Helix Energy Solutions Group, Inc. (HLX) announced its financial results for the first quarter of 2025, reporting a net income of $3.1 million, or $0.02 per diluted share. This represents a notable decline from the fourth quarter of 2024, where net income stood at $20.1 million, or $0.13 per diluted share. The company had experienced a net loss of $26.3 million in the first quarter of 2024 due to a pre-tax loss linked to the redemption of convertible senior notes.
Helix's quarterly revenue fell to $278.1 million from $296.2 million a year prior. Adjusted EBITDA for the first quarter was $52.0 million, showing a decrease from $71.6 million in the previous quarter. The decline in profitability and revenues reflects seasonal slowdowns, particularly in the North Sea and Gulf of America shelf, and operational adjustments amid regulatory dockings of vessels.
Owen Kratz, President and CEO of Helix, emphasized the challenging market conditions created by increased production from OPEC+, recent U.S. tariffs, and the ongoing struggles in the North Sea oil and gas sectors.
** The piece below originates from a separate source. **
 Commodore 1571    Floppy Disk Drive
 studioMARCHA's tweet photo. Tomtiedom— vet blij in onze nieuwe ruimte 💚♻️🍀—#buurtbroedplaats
These factors contributed to a drop in commodity prices and created uncertainty among customers. In response, Helix is adjusting its operations to align with reduced activity levels while maintaining a strong financial position with a positive free cash flow outlook for the year.
Segment-wise, the Well Intervention segment recorded a 12% decline in revenue compared to the previous quarter, mainly due to reduced activity in the North Sea and the mobilization of the Q7000 vessel to Brazil. The Robotics segment saw a 37% drop in revenue quarter-over-quarter due to decreased seasonal vessel and equipment utilization. Meanwhile, Shallow Water Abandonment revenues decreased by 55% quarter-over-quarter, reflecting the seasonal decline in vessel activity.
Looking at Helix's financial condition, the company held cash and cash equivalents totaling $370.0 million as of March 31, 2025. Long-term debt was recorded at $311.1 million, resulting in a negative net debt position of $58.9 million, indicating strong liquidity despite market challenges.